Quelle place alors pour la dépression?
Ce n’est pas un concept analytique. Lacan préfère parler de tristesse qu’il range du côté des affects, soit d’un “savoir manqué”; il l’oppose au “gay sçavoir”, titre d’un ouvrage de Nietzsche que Lacan écrit là comme le faisaient les troubadours.
Il en parle même comme une “lâcheté morale”, ce qui peut surprendre, voire choquer; le terme de “lâcheté” est à prendre au sens de Spinoza qui implique le sujet comme sujet du choix, et “morale” au sens de l’éthique (donc dans son rapport avec la jouissance), l’éthique étant alors celle du “bien-dire”; le “bien-dire” consistant à mettre en résonance le signifiant et la jouissance (pas seulement le signifiant pour le signifiant) ou encore à cerner dans le savoir ce qui ne peut se dire. La “lâcheté morale” serait alors de ne pas considérer la part de jouissance que le sujet prend dans ce qui lui arrive.

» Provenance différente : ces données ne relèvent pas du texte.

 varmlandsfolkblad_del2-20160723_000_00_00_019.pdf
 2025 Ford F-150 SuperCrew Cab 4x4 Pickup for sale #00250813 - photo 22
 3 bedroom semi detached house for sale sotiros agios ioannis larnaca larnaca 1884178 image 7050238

Donc la tristesse comme en parle Lacan est une affaire de savoir, de savoir triste qui ne peut articuler signifiant et jouissance, la jouissance restant extérieure. (A l’extrême de cette disjonction, c’est la psychose.) La tristesse, c’est l’impuissance du savoir, le savoir manqué; à l’opposé, le “gay sçavoir”, ce n’est pas la toute puissance du savoir, c’est son impossible. Celui-là permet la conjonction du signifiant et de la jouissance par son extimité.

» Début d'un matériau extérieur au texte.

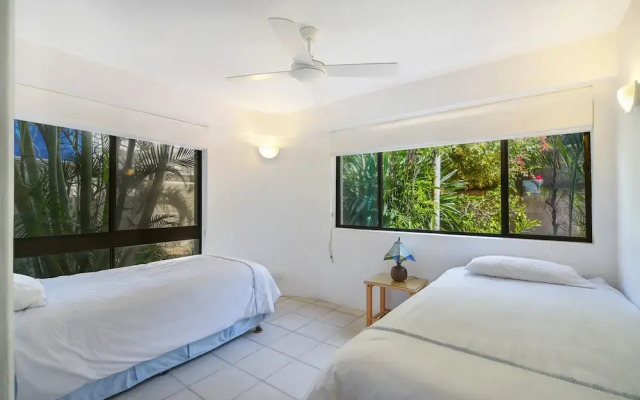 Breffney - 4/4 Avocet Parade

Ces notions, Lacan les réfèrent à la fin de l’analyse et à la passe, moment mais aussi dispositif, qui pointent le passage du psychanalysant à l’analyste. Effectivement, le problème qui se posera dans le cours de l’analyse et jusqu’à sa fin, c’est le fait qu’élaborer le savoir va permettre d’”éliminer” le transfert , on a même dit “liquider” avec toute sa connotation argotique! Mais il n’est pas sûr du tout qu’à la fin de l’analyse le transfert soit tout à fait mort, simplement il ne s’adressera plus à la personne de l’analyste qui sera laissé en plan mais au savoir lui-même, savoir inconscient là encore.Un analysant en fin d’analyse, qu’il soit passé à l’analyste ou pas, a à en savoir un bout sur sa structure, sur sa position de sujet.

Cela change des choses, beaucoup, pas toujours dans le sens d’une “guérison” comme elle était attendue, mais certainement dans celui d’une plus grande approche de son désir; cela peut tout à fait être la “guérison”, mais “par surcroît”; ce n’est pas le but de l’analyse, mais peut parfaitement en être l’effet.